In writing this article, it is our intention to share with our colleagues a glimpse of the husbandry practices that have successfully allowed us to establish a weight base line in our collection at San Diego Wild Animal Park. The data gathered and presented in this article will continue to strengthen this data base as our collection grows. It must also be noted that the information presented has been and will be a collaboration of data submitted and gathered by a number of keepers throughout the history of our collection in this institution. The consistency of the husbandry practices maintained by this team has made this article possible.


The okapi (Okapia johnstoni) is a unique ungulate species and a member of the family Giraffidae. One of the largest forest-dwelling ungulates, this animal is so reclusive that it remained unknown to western scientists until 1901. Very little information is known about its natural history, although several have been studied in the Ituri rain forest in the north-east of the Democratic Republic of Congo (Hart and Hart, 1988). The species is known to occur in the equatorial forests of northern, central and eastern Congo (Meester and Setzer, 1977), and there is evidence that it also formerly entered western Uganda (Kingdon, 1979). Head and body length is about 197–215 cm, tail length c. 30–42 cm, and shoulder height c. 150–170 cm. Generally considered to be rare, the okapi has been protected in the Congo since 1933, but its densely forested habitat and elusive nature may conceal its true status (Grzimek, 1975).

The preferred habitat of the okapi is dense, damp forest. It is diurnal and normally moves along well-trodden paths through the jungle. It is extremely wary and secretive, dashing away at the least suspicion of danger. Hearing is the best-developed of its senses. It is a browser, feeding on the leaves, fruit, and seeds of many plants. Kingdon (1979) noted that the prehensile tongue is used to pluck leaves, buds, and even small branches. Hart and Hart (1988) reported that each individual has a home range of about 2.5 km2 and moves about 1 km per day as it forages. O. johnstoni is found alone, in pairs, or in small family parties, but never in herds. Estimates of population density range from about 0.8 to 2.3 per km2. Communication seems to involve olfactory marking with pedal scent glands and urine, and males have a ritualized neck fight (Kingdon, 1979). The young are born from August to October, the period of maximum rainfall. The single offspring is about 80 cm tall and starts to nurse within 6–12 hours. It is precocious, is suckled and defended by the female, and is weaned by six months (Kingdon, 1979). Females attain sexual maturity at one year and seven months. One captive female gave birth to 12 calves, the last when she was 26 years old. The longevity record for a captive okapi is thought to be 30 years 6 months (Jones, 1993).
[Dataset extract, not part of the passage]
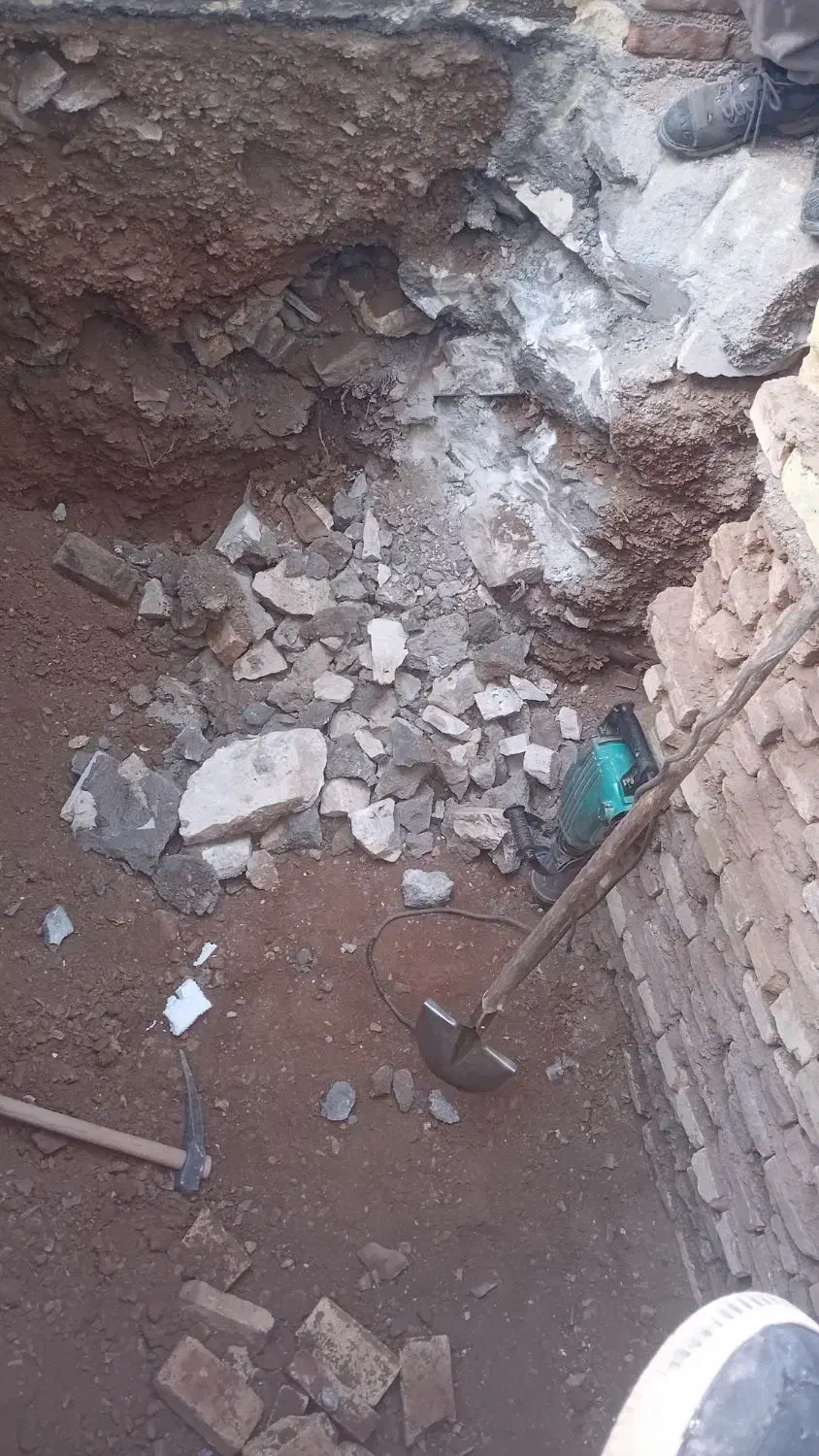 چاه کندن تخریب ساختوسازحفاری‌ درخت کاری محلات|خدمات پیشه و مهارت|محلات, |دیوار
The first live specimen, a young animal hand-reared in the Congo, reached Europe (Antwerp Zoo) in 1919, but lived for only 51 days (Crandall, 1964). The first okapi to be bred and reared in a zoo was born in 1957 in Paris Zoo (Vincennes); but right up to the present day the success of the captive population has been limited by low calf survival. Speculation regarding the cause has included high inbreeding and susceptibility to bacterial infections during the first year of life (Benirschke, 1978). Since 1978, the number of highly inbred newborns has declined, but the mortality rate of okapis in the first year of life remains high. There is a 30% probability that a newborn okapi in the North American population will not survive its first year of life; this increases to 50% for calves born in Europe (De Bois et al., 1988).
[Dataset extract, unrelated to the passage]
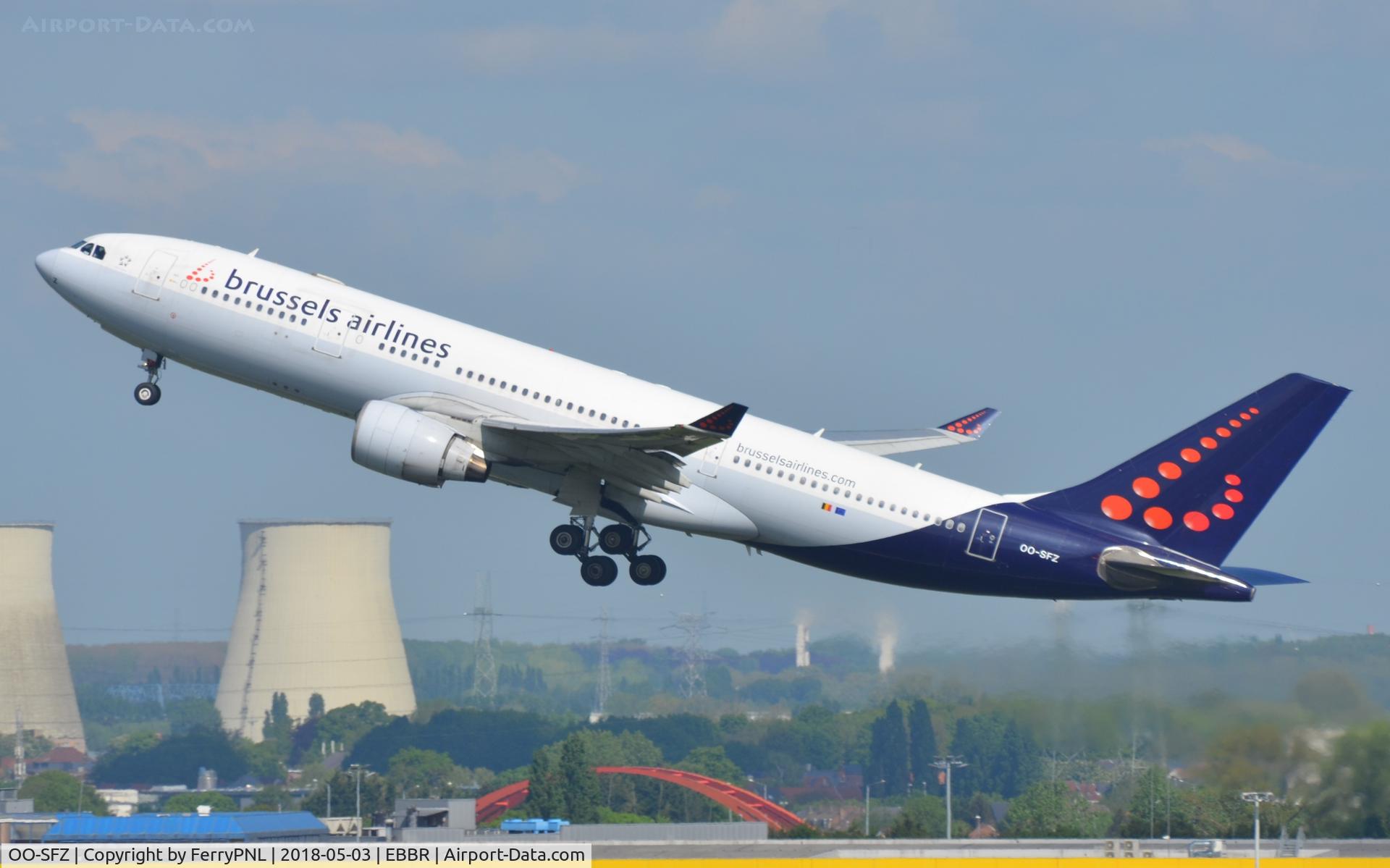 OO-SFZ, 1998 Airbus A330-223 C/N 249, A332 taking-off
Four (2.2) okapi calves and three adult females at San Diego Wild Animal Park were monitored and weights were collected for the purpose of this paper. The calves' weights were monitored daily during the first 140 days after their birth and weekly thereafter. The adult females' weights were monitored weekly during the entire gestation period. The animals were successfully desensitized to the presence of the keeper and each animal's weights were collected non-invasively. The scale was inserted into the pathway where the animals were routinely guided to and from their outdoor enclosure. Each animal was stopped (utilizing chain-link doors) on the scale for a period of no longer than two minutes, its weight was recorded, and it was then given access to the enclosure.
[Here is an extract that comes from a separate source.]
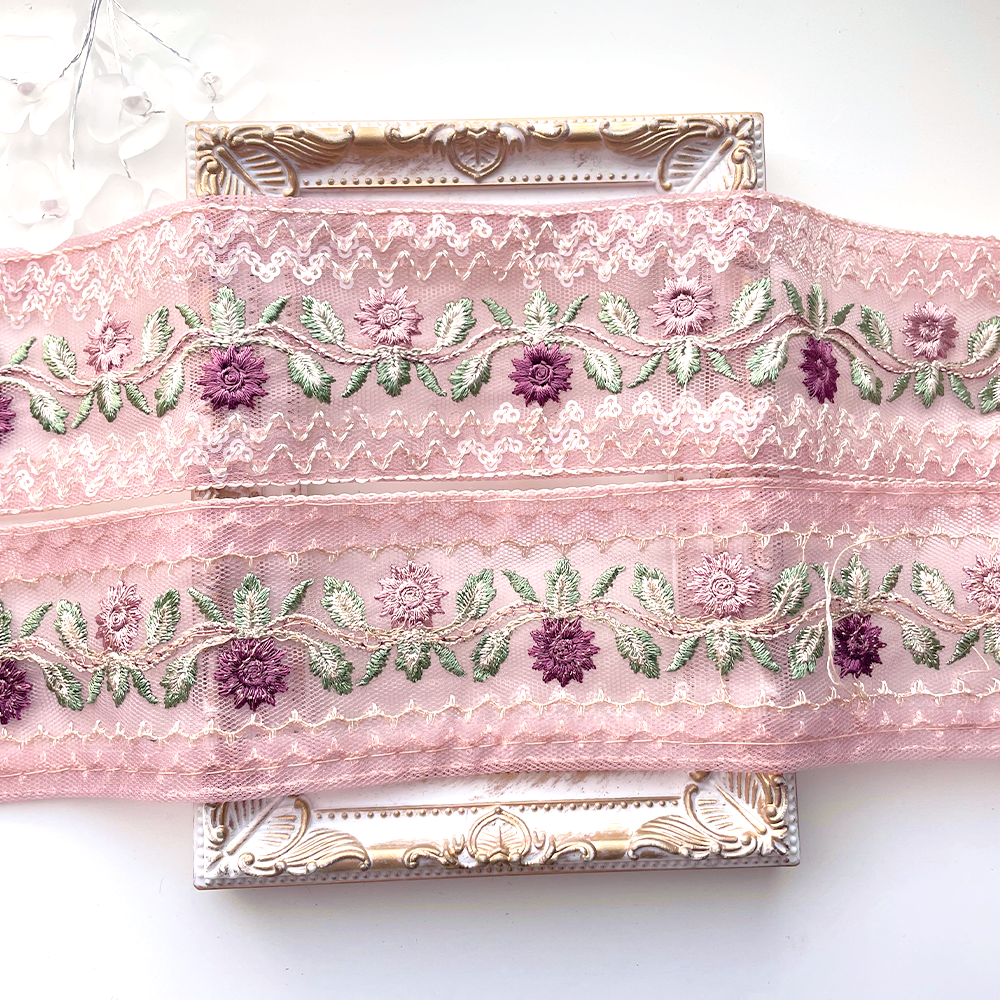 363 【 幅：5.5cm 】 インド刺繍リボン　フォギーローズ　チュール　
For breeding purposes, a separate yard was created where the animals were introduced and monitored for copulation. The breeding recommendations from the SSP were closely followed; all breeding behaviors were observed and select behaviors were recorded, including interest, mounting, and successful intromission. Each female was given access to the breeding male during the day (between 0900 hrs and 1600 hrs) for two successive months. Based on behavioral observations of these introductions, an approximate gestation period was calculated. The weekly weight recording of all okapi has been included in our daily/weekly husbandry routine. The data submitted for this paper reflect each female's weights for four weeks prior to introduction to the breeding male, weights throughout the gestation period (421, 421 and 433 days respectively), and four weekly weights after each parturition (Table 1). Also included are all data points (weights) of the four calves starting the day after birth, daily for the first 105 days (males) and 140 days (females) (Table 2).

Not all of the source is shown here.